# bed in progress



## stef1611 (Oct 8, 2008)

Happy new year everyone,

Here are a couple of pictures of the bed I made for my parents' visit in Australia. It is not yet finished, I need to make a drawer but that's all I managed to come up with by 2am on the day before my parents arrived...lol... Neighbours were delighted to hear the machines !!! Got them nice Xmas presents to compensate.
Sorry Harry, didn't have time to take many progress shot, I'll make it up when I make the drawers...
My parents seemed happy with the bed....
Cheers,
Steph


----------



## dovetail_65 (Jan 22, 2008)

What are the woods, it's looking good. Are the pins decorative or do they actually pin the tenons?

My 6 year old said "that's pretty but the light wood should be a little darker", sorry she is very critical of all my work too! I like the two woods you chose!


----------



## a1tomo (Dec 3, 2008)

That a beauty Steph. Love the contrasting woods and the pins. Great job!


----------



## stef1611 (Oct 8, 2008)

nickao65 said:


> What are the woods, it's looking good. Are the pins decorative or do they actually pin the tenons?
> 
> My 6 year old said "that's pretty but the light wood should be a little darker", sorry she is very critical of all my work too! I like the two woods you chose!


Hi Nick,

The woods are Tasmanian Oak for the frame and Jarrah for the panels. Got the Jarrah super cheap compared to its normal price so I opted for the contrasting colours. My wife was like your daughter at the beginning but now that it's finished she likes it a lot. In fact it doesn't look as contrasting in real compared to the picture. The bed is not finished either, I need to add some few cosmetics things and make the drawers and add some finish too. Eventually it'll look less contrasting in colour. I just had to have a functional bed quickly because my parents needed a bed straight away, when they're gone I'll fix everything up.
The pins are actually pinning the tenons as I always do. This time I made them in Jarrah from scraps so that it looks nice on the frames. I am getting quite efficient in making the pins though, I cut the lengths on the bandsaw and then I turn them on the lathe. However, to make sure the square part is all the same length for all pins I make a little chuck out of scrap in which I mortised a hope at the right depth. THis way, no measurement required, pins get turned very fast (it'd better because there are quite a few on this bed).

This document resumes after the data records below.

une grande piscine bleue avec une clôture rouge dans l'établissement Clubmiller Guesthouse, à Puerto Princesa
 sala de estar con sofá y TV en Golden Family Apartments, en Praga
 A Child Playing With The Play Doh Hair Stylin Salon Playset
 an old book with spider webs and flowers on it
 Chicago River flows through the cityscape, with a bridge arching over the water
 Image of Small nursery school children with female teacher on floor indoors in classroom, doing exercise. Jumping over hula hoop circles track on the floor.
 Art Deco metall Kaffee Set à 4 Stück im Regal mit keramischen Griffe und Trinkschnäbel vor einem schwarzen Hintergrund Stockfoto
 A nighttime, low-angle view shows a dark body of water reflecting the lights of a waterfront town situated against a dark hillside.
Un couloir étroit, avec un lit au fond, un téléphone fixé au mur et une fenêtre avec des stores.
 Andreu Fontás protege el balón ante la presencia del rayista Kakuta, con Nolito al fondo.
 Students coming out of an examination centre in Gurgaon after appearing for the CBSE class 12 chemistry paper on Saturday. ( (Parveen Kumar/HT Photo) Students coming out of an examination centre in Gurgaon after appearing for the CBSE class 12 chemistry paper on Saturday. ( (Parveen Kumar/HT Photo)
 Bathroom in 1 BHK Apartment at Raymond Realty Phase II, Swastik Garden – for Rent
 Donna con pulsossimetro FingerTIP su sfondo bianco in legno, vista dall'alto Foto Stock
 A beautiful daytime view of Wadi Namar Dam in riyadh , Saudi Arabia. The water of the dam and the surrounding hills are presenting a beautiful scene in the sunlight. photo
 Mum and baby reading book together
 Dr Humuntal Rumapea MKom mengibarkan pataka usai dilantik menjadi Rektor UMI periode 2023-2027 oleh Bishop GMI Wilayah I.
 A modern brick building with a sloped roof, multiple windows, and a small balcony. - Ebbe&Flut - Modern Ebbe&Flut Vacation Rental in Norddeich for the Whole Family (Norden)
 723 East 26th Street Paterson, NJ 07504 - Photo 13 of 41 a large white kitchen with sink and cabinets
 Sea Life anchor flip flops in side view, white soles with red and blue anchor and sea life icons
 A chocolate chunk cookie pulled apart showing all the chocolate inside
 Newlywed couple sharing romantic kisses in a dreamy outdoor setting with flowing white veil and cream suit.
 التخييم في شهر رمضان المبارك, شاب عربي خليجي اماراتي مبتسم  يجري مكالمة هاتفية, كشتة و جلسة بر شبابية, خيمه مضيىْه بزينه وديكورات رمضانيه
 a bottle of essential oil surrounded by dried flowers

Anywayz whenever I make something with tenons and mortises I always make pins, shows it's hand made isn't it?lol....
CHeers
Steph


----------



## stef1611 (Oct 8, 2008)

a1tomo said:


> That a beauty Steph. Love the contrasting woods and the pins. Great job!


THanx Tom....


----------



## nzgeordie (Oct 22, 2006)

Nice one Steph. What sort of finish are you planning to use? I've got some (very pink) jarrah that I don't know what to do with and would like to know how it comes up with different finishes.


----------



## harrysin (Jan 15, 2007)

What a beautiful job Steph, as have been all the projects that you have posted.
I forgive everyone once per year for their transgressions, and this is yours for 2009! Nice to see you back.


----------



## Amy (Nov 7, 2008)

Beautiful- this looks like a failed project my fiancee started...... I may send him this way to get him to motivated again.


----------



## stef1611 (Oct 8, 2008)

nzgeordie said:


> Nice one Steph. What sort of finish are you planning to use? I've got some (very pink) jarrah that I don't know what to do with and would like to know how it comes up with different finishes.


Hi,

At the moment the bed is sealed with two coats of Danish oil. I don't plan on staining anything. Rather, I'll put more oil and may be add a couple of coats of wipe-on poly to give it more durability. This said, I was toying with the idea of applying a garnet colour french polish on the structure in order to reduce the colour contrast, but I am still unsure about that, I may do it on some test pieces beforehand.
Though I reckon that some of this garnet polish on your too pink Jarrah may give it more depth and remove the too pink impression, what do you think. I found some descently priced garnet polish at a shop called "mother of pearl" (in sydney but they have a website and do orders)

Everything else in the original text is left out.